▶ _Directions_: Every line from the first one in the listing down to the line with "Uwell Caliburn G4 Pod Kit (Polar Black)" should be restated word for word.

═════ Available records ═════

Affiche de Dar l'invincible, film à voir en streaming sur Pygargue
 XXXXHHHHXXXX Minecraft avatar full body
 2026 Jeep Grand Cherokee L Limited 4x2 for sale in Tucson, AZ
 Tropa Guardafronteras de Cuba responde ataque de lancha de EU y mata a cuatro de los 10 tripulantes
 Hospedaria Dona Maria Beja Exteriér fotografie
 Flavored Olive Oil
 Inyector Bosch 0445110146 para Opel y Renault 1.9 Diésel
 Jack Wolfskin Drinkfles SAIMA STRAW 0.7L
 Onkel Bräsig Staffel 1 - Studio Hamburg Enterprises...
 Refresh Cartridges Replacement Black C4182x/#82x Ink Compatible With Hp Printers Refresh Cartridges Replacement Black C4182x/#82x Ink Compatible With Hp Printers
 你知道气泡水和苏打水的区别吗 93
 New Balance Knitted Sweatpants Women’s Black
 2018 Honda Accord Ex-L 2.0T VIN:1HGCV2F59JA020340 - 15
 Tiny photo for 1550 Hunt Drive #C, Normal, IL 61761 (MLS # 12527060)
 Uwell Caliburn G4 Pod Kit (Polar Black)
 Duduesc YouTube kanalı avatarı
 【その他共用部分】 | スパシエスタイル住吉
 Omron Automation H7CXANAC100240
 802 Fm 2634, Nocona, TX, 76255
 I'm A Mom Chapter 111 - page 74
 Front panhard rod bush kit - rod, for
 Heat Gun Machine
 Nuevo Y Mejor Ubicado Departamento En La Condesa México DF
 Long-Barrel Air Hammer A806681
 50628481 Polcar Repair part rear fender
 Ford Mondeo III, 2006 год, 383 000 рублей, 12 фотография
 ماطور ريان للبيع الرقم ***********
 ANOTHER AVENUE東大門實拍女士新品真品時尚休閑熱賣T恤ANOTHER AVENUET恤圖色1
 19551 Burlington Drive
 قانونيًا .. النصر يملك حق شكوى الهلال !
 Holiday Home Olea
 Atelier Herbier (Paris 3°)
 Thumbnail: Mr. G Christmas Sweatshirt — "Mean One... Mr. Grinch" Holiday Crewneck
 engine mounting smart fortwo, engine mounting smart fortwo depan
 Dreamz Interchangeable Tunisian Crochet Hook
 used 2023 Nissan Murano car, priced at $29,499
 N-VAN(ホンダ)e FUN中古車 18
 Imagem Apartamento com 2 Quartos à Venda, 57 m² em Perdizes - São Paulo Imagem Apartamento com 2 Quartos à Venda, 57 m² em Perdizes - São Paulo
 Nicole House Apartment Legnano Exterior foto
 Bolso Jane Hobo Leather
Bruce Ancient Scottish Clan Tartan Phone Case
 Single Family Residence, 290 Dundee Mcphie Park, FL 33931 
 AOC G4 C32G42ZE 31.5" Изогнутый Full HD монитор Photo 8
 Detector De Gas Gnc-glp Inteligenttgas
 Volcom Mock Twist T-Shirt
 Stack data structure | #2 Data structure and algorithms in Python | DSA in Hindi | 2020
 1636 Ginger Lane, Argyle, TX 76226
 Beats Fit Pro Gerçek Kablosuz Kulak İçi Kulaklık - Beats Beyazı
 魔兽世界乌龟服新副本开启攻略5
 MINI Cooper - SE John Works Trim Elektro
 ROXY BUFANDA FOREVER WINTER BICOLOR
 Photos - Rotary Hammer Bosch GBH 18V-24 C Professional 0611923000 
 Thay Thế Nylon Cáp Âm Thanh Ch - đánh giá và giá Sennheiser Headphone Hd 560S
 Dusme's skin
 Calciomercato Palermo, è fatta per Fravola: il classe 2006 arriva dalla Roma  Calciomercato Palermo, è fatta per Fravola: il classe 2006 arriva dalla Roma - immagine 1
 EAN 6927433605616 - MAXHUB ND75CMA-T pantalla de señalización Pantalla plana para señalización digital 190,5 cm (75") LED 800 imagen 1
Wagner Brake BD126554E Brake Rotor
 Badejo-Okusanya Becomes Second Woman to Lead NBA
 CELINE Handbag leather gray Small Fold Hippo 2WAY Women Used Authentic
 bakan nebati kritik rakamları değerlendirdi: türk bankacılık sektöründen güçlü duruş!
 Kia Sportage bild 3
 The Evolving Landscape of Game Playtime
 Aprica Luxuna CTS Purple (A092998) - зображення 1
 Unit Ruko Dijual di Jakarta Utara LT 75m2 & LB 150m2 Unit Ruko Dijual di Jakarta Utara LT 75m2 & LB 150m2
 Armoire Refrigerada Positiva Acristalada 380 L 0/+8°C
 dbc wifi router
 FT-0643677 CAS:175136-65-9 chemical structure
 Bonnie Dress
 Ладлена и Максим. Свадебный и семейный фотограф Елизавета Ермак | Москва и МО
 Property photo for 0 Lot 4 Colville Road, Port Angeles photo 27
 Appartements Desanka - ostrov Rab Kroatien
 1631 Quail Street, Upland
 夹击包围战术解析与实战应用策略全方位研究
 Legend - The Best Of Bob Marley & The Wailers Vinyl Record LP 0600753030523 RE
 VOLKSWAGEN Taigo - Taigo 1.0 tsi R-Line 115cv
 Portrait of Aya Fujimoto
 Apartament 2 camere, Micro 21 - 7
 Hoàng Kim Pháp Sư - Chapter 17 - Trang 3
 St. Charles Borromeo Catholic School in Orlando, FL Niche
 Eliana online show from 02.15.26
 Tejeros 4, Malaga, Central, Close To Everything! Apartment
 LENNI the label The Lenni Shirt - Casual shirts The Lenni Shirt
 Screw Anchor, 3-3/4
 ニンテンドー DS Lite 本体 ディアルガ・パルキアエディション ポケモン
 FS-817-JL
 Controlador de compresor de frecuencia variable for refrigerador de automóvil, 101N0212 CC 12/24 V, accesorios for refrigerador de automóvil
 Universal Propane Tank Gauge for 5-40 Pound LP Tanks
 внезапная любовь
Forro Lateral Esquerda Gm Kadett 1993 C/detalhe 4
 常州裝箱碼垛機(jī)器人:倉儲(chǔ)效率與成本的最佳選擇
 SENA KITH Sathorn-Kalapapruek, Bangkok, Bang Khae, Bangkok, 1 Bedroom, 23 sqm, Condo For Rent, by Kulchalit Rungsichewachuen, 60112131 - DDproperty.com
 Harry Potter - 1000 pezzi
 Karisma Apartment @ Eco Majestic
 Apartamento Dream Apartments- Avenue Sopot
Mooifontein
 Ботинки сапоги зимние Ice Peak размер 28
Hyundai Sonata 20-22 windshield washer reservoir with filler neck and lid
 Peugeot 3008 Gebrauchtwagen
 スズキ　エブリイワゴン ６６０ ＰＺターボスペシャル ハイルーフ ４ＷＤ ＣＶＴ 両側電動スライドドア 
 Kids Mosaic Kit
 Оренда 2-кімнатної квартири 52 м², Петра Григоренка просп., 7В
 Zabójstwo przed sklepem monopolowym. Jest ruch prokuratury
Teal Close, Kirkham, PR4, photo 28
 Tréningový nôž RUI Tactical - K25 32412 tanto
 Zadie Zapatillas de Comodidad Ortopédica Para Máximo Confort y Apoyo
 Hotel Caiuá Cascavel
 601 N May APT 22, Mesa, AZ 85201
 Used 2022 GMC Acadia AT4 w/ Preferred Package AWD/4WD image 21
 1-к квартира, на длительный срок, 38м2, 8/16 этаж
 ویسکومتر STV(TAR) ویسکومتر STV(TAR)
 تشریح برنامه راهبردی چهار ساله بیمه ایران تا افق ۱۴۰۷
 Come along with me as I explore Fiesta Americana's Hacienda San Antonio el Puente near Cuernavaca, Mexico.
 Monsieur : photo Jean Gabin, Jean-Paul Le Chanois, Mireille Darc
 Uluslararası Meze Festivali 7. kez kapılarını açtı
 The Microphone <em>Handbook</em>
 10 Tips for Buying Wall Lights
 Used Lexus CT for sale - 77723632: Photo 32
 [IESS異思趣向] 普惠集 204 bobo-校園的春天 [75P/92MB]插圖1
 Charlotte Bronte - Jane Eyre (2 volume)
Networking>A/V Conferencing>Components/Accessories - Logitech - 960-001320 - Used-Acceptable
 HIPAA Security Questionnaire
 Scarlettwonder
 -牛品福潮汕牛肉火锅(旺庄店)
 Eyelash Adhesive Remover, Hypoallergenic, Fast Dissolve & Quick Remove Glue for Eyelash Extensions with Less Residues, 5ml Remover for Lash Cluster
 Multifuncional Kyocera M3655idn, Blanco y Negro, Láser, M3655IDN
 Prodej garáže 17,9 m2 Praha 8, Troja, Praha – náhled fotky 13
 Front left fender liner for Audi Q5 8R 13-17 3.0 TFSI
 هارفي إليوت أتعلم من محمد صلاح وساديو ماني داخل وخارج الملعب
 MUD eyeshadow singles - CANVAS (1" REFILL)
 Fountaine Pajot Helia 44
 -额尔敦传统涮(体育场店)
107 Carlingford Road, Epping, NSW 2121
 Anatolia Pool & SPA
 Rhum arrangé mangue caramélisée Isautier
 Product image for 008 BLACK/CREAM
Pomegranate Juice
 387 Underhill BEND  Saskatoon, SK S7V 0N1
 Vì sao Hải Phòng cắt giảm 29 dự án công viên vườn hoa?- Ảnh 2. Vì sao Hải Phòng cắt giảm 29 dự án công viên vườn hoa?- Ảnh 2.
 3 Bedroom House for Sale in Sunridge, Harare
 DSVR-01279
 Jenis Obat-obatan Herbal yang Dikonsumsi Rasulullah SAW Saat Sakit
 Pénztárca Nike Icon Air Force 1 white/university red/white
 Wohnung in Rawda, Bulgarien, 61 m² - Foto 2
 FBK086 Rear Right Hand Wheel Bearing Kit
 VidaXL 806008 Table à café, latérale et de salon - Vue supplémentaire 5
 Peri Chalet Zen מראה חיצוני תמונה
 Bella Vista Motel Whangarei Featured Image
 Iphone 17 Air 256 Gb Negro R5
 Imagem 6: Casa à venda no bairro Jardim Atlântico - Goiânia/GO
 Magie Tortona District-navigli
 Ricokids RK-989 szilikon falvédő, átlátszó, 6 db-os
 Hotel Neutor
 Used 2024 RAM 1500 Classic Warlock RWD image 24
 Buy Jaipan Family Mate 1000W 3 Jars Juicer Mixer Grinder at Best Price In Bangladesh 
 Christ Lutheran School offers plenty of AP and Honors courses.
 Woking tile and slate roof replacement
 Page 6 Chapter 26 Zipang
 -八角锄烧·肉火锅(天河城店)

═════

▶ _Answer space_:
Affiche de Dar l'invincible, film à voir en streaming sur Pygargue
 XXXXHHHHXXXX Minecraft avatar full body
 2026 Jeep Grand Cherokee L Limited 4x2 for sale in Tucson, AZ
 Tropa Guardafronteras de Cuba responde ataque de lancha de EU y mata a cuatro de los 10 tripulantes
 Hospedaria Dona Maria Beja Exteriér fotografie
 Flavored Olive Oil
 Inyector Bosch 0445110146 para Opel y Renault 1.9 Diésel
 Jack Wolfskin Drinkfles SAIMA STRAW 0.7L
 Onkel Bräsig Staffel 1 - Studio Hamburg Enterprises...
 Refresh Cartridges Replacement Black C4182x/#82x Ink Compatible With Hp Printers Refresh Cartridges Replacement Black C4182x/#82x Ink Compatible With Hp Printers
 你知道气泡水和苏打水的区别吗 93
 New Balance Knitted Sweatpants Women’s Black
 2018 Honda Accord Ex-L 2.0T VIN:1HGCV2F59JA020340 - 15
 Tiny photo for 1550 Hunt Drive #C, Normal, IL 61761 (MLS # 12527060)
 Uwell Caliburn G4 Pod Kit (Polar Black)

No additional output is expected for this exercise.